Link: My career as a publisher is very bound up in my relationship with my husband and co-publisher Gavin Grant. He had started a zine, Lady Churchill’s Rosebud Wristlet, a year before we began dating, and I began to work on that with him. We both loved the editorial process, but also the experience of publishing in a limited and informal capacity. After a few years of talking to other friends, who had experience running small presses or working at larger houses, we decided that we would give that a go – I had a collection’s worth of stories which no other publisher was interested in, and we had a small list of other writers whose work we loved. We approached one of them, Ray Vukcevich, who—somewhat surprisingly—was willing to be published by a small press.
There’s a long tradition of small press publishing in genre fiction, and that was a real help to us. The fairly new possibilities that desktop publishing was opening up were another help.

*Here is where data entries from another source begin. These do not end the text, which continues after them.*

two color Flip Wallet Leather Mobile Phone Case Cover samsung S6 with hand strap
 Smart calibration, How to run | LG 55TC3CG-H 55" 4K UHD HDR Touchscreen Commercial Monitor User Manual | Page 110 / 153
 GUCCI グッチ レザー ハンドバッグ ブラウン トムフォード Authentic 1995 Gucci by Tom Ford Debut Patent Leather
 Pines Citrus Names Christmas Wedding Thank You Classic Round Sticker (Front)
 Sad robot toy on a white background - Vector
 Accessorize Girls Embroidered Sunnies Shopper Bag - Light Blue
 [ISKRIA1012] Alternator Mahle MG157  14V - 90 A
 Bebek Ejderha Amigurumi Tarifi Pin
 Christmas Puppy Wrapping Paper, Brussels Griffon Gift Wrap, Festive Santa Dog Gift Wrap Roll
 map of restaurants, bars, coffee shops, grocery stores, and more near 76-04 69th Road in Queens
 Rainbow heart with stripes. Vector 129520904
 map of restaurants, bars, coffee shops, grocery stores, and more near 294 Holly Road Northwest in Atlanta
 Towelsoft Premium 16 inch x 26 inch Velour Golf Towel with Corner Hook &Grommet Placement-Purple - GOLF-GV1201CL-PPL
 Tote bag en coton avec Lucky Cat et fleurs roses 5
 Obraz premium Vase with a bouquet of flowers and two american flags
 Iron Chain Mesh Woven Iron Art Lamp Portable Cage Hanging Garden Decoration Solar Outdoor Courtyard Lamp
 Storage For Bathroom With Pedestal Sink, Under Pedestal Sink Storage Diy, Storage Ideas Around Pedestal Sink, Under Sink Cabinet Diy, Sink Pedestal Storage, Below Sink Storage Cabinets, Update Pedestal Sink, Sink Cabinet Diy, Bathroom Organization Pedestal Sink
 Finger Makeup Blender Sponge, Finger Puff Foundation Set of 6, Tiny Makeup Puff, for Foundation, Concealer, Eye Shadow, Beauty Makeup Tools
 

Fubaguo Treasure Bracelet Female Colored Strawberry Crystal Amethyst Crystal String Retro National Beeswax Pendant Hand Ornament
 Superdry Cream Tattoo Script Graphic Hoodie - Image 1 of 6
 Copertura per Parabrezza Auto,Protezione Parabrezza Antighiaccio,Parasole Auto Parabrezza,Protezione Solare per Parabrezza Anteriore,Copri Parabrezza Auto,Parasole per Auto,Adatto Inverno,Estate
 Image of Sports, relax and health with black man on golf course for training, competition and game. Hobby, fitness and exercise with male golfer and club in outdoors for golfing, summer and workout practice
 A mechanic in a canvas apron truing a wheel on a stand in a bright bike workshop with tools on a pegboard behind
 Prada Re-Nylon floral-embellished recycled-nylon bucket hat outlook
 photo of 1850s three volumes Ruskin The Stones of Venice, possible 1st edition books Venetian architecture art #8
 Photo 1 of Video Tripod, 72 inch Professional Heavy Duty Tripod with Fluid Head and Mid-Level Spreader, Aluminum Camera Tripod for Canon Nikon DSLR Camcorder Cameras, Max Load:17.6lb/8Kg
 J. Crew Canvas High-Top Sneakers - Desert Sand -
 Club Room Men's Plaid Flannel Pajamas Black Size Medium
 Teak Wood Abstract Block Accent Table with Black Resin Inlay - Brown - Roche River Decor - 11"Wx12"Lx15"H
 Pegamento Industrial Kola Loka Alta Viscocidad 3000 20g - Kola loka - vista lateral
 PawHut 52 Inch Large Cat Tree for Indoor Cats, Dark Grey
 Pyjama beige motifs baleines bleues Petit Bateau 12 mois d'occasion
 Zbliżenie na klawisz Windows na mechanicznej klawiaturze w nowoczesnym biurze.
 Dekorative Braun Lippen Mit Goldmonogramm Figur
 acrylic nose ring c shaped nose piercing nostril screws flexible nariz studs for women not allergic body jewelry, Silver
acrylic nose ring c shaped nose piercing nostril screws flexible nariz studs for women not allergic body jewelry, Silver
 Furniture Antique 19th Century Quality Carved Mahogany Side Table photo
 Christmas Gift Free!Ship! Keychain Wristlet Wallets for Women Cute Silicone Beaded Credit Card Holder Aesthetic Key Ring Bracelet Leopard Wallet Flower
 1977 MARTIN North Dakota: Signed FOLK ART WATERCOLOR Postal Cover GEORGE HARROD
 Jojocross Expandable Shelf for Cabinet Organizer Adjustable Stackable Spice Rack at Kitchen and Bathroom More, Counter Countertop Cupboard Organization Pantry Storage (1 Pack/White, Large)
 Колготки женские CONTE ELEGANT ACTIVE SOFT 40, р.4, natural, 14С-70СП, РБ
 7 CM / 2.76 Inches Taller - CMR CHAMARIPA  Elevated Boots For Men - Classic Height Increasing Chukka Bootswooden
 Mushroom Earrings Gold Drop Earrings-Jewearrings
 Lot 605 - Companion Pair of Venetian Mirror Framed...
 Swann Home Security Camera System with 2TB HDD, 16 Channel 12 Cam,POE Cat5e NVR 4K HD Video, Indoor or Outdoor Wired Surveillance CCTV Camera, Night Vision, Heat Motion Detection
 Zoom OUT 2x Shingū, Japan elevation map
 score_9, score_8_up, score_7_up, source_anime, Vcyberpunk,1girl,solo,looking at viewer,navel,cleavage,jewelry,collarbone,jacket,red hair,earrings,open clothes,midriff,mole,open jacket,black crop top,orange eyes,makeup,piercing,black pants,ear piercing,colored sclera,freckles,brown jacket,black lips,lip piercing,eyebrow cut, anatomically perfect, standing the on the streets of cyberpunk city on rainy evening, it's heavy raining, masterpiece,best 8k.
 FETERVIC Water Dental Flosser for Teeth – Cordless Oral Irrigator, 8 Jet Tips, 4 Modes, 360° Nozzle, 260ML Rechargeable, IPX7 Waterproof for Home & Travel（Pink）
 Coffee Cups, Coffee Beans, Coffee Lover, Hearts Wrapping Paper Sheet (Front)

And I sold my third collection, which was young adult, to an editor at Penguin, I think in part because my previous two collections had not done badly, and that editor felt it was possible to reach a wider audience and offered an advance to back that up.
Rumpus: How does running a publishing house and a bookstore inform your work as a writer?
Link: Writing often feels intangible to me. I can do it or not do it, and not doing it is much easier, much of the time. It helps to have other kinds of work that require schedules, and work which is already on the table, so to speak. And it also helps to have clear periods where, if I don’t get any writing done, it means I won’t get any writing done at all. Narrows the focus.
More importantly, I write because I love narrative. Running a publishing house, keeping a bookstore open, means that I can be enthusiastic and engaged with work that isn’t mine, and honestly that’s much more fun.
Rumpus: You have your first novel coming out next year, The Book of Love. What prompted you to write a novel after a prolific career as a short story writer?
Link: The simplest answer is that when I was selling a collection of short stories to Random House, my friend Holly Black said, “You ought to sell them a novel, too. If you don’t get on the hook for a novel, eventually you’ll end up writing one accidentally, and it’s better to write one on purpose.”
If you’re a short story writer, there is going to be a certain amount of interest in how you would handle a longer form of narrative. If you’re a writer like me, you might also be interested in this question. I wrote a novel because what Holly said was persuasive—my short stories were getting longer and longer, as she pointed out – and because I wanted to find out what I could do in a novel that I couldn’t do in a short story, and I had an idea that seemed large enough that a short story wouldn’t suit.